■ Task prompt
Write out the opening lines of the data word for word, up to and including the line with "tweedehands Opel Astra", and leave every picture and every later line out.

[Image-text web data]
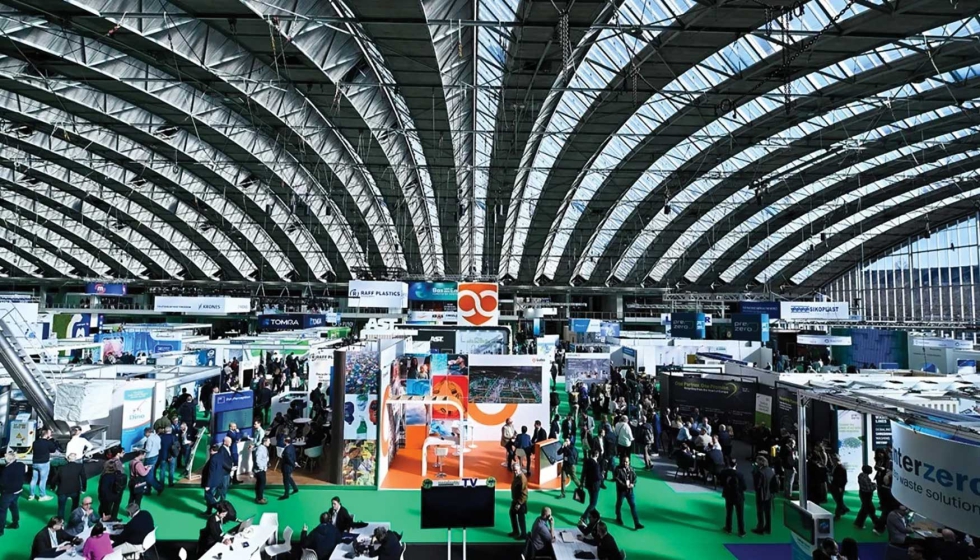Foto de Plastics Recycling Show Europe ultrapassa os 13 mil participantes pela primeira vez em nove edies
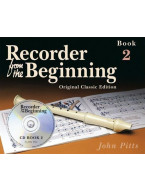 Recorder From The Beginning: Book 2 - Classic Edition (noty na zobcovou flétnu) (+audio)
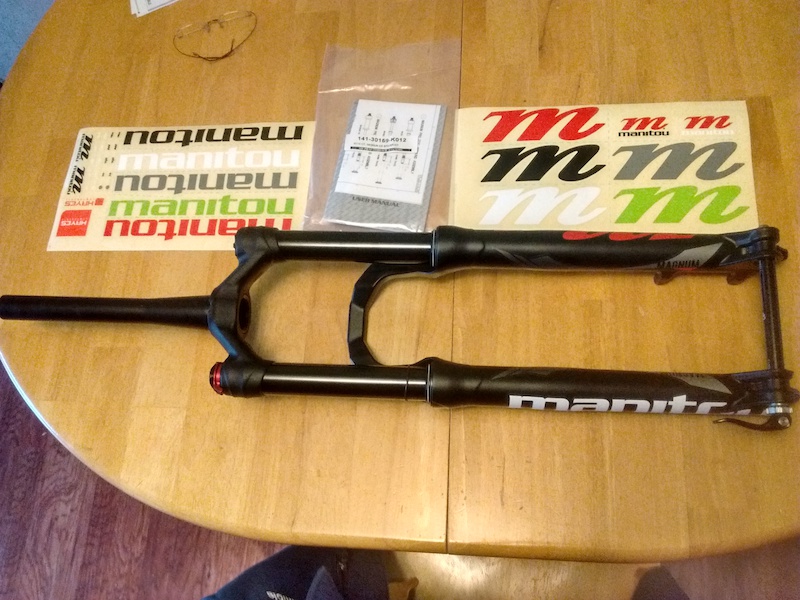 2016 Manitou Magnum Pro 120 29+ fork with Boost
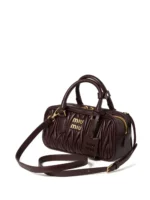 ⁦MIU MIU Arcadie Matelassé Tote Bag⁩ – תמונה ⁦9⁩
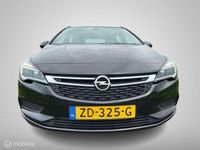 tweedehands Opel Astra Sports Tourer 1.0 Turbo 105 PK Navi Chroom DonkerGlas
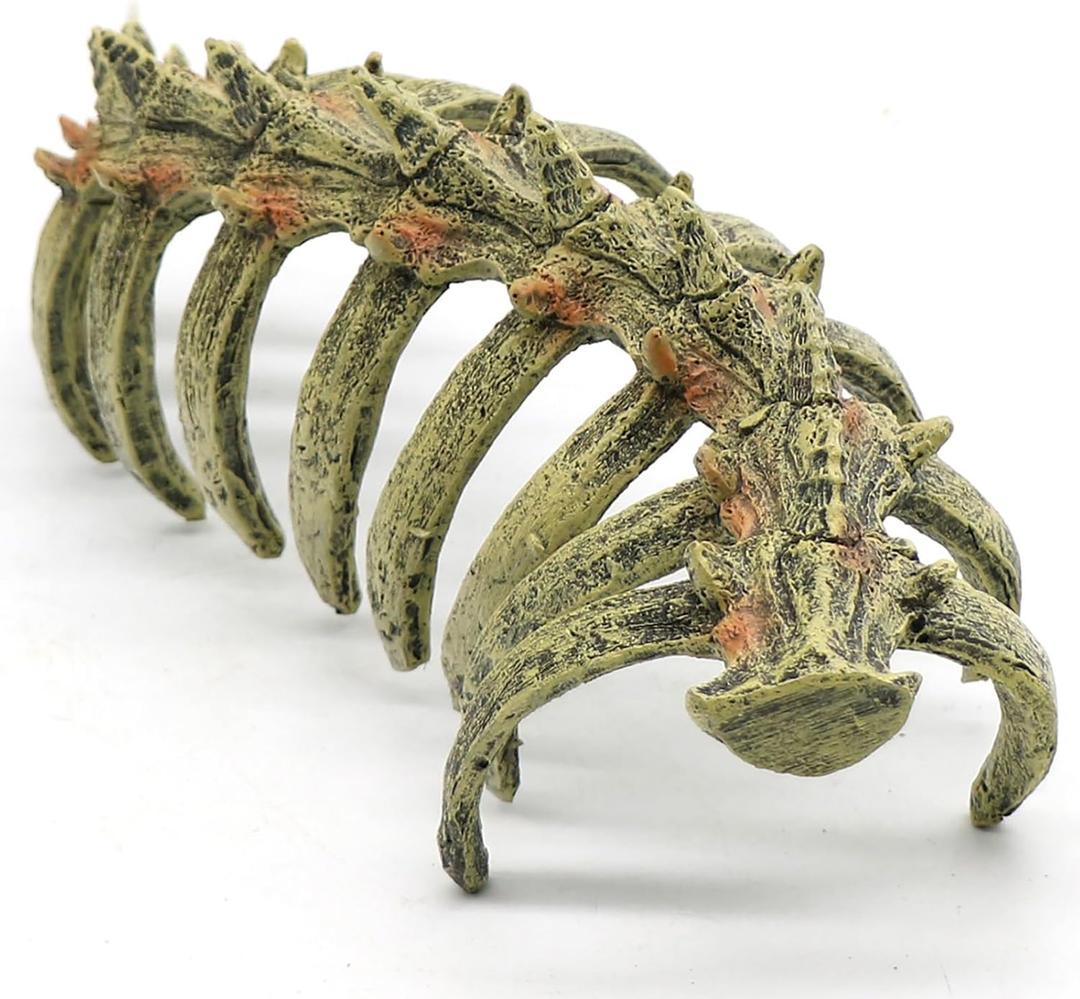 Aquarium Skull Animal Skeletons, Reptile Tank Accessories, Fish Tank Decorations for Amphibians, Betta Fish, Shrimp, Hermit Crab, Leopard Gecko Aquarium Skull Animal Skeletons, Reptile Tank Accessories, Fish Tank Decorations for Amphibians, Betta Fish, Shrimp, Hermit Crab, Leopard Gecko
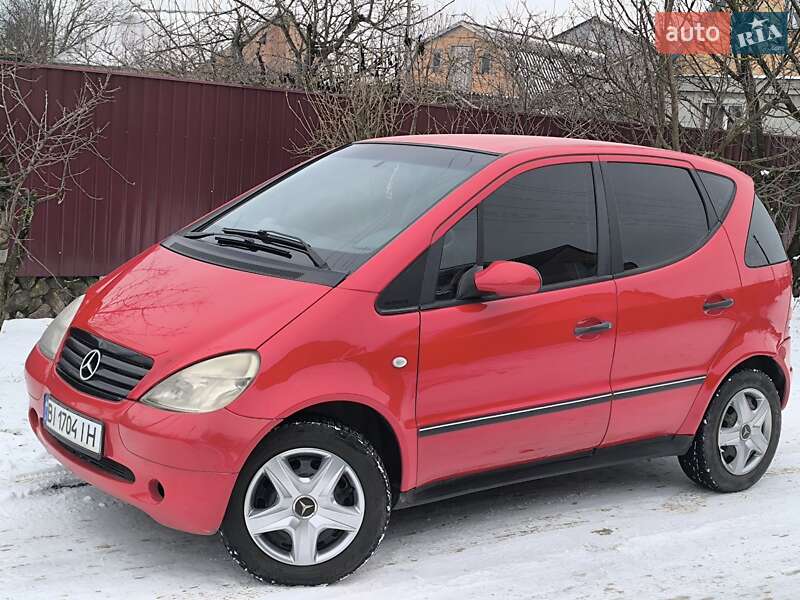 Хетчбек Mercedes-Benz A-Class 1999 в Миргороді фото 7 Хетчбек Mercedes-Benz A-Class 1999 в Миргороді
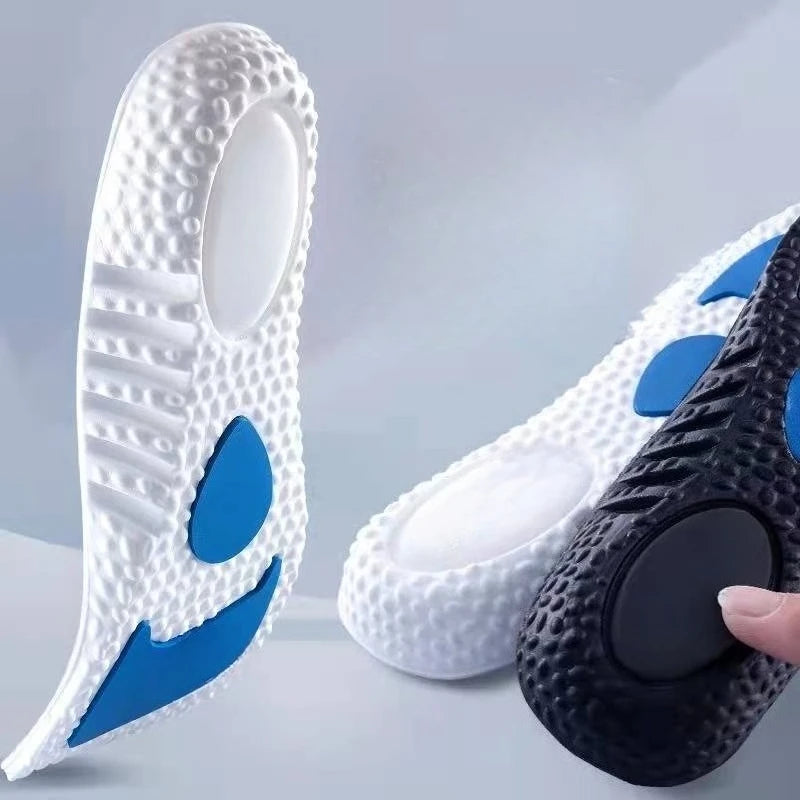 Soft-soled Sports Insoles for Men Shock-absorbing and Breathable in Summer Not Tiring To Stand for A Long Time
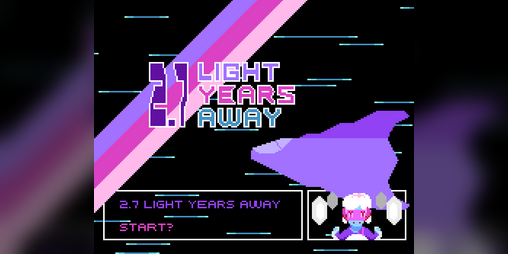 Cover image for 2.7 Light Years Away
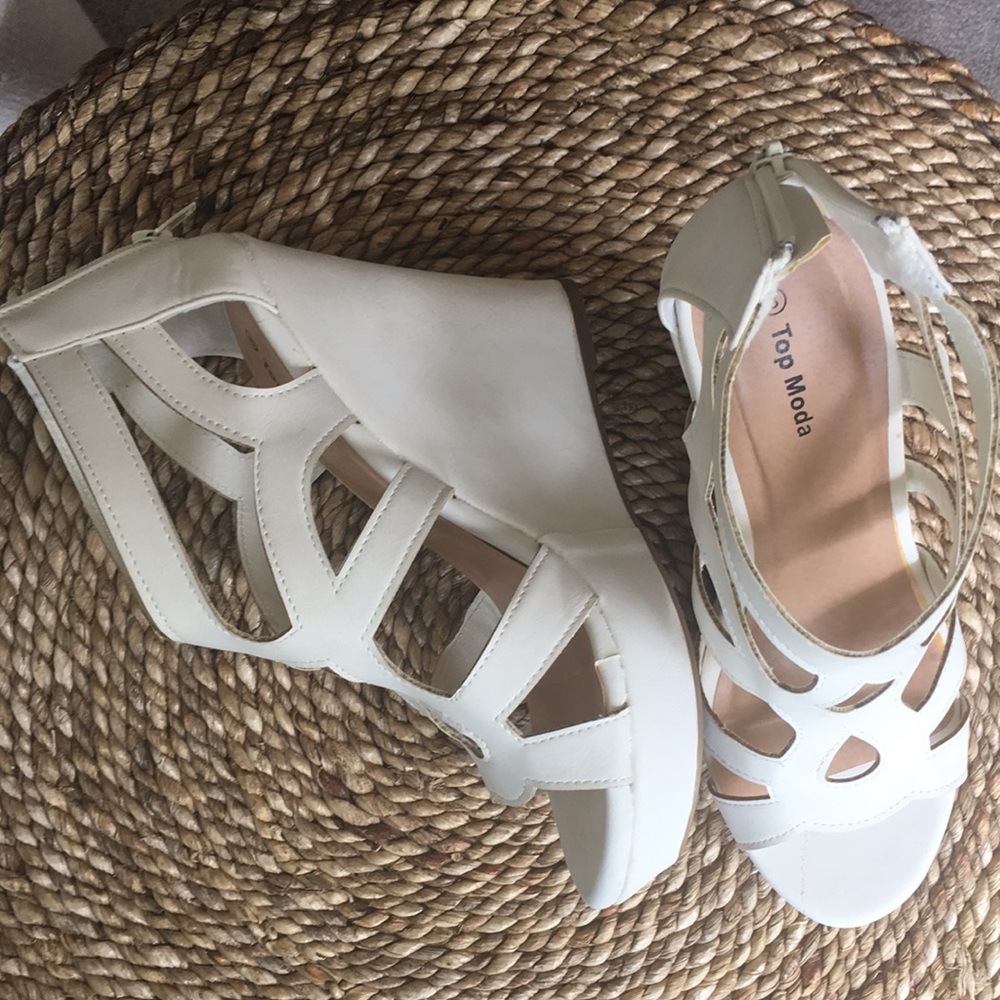 Top Moda Wedges - Picture 3 of 4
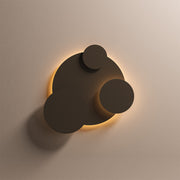 ZTAHL Iseo XS Wand/Plafond-lamp 1760-Platinum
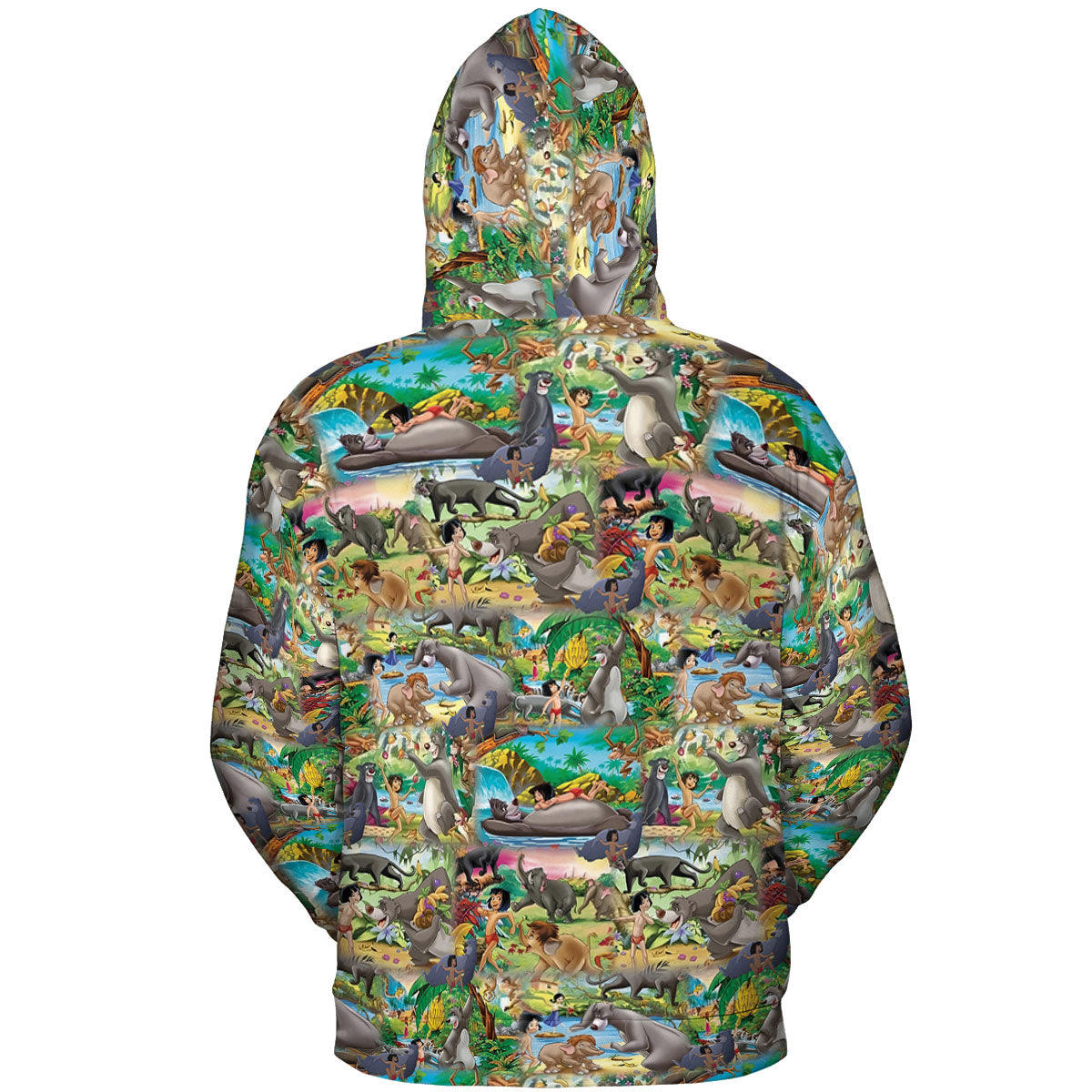 All-over Print Hoodie - 3A558NFH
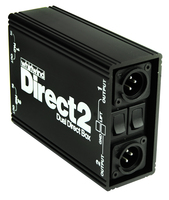 DIRECT BOX - DIRECTOR, WHIRLWIND TRHLM TRANSFORMERS, 2-CHANNEL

■ Answer to this task
Foto de Plastics Recycling Show Europe ultrapassa os 13 mil participantes pela primeira vez em nove edies
 Recorder From The Beginning: Book 2 - Classic Edition (noty na zobcovou flétnu) (+audio)
 2016 Manitou Magnum Pro 120 29+ fork with Boost
 ⁦MIU MIU Arcadie Matelassé Tote Bag⁩ – תמונה ⁦9⁩
 tweedehands Opel Astra Sports Tourer 1.0 Turbo 105 PK Navi Chroom DonkerGlas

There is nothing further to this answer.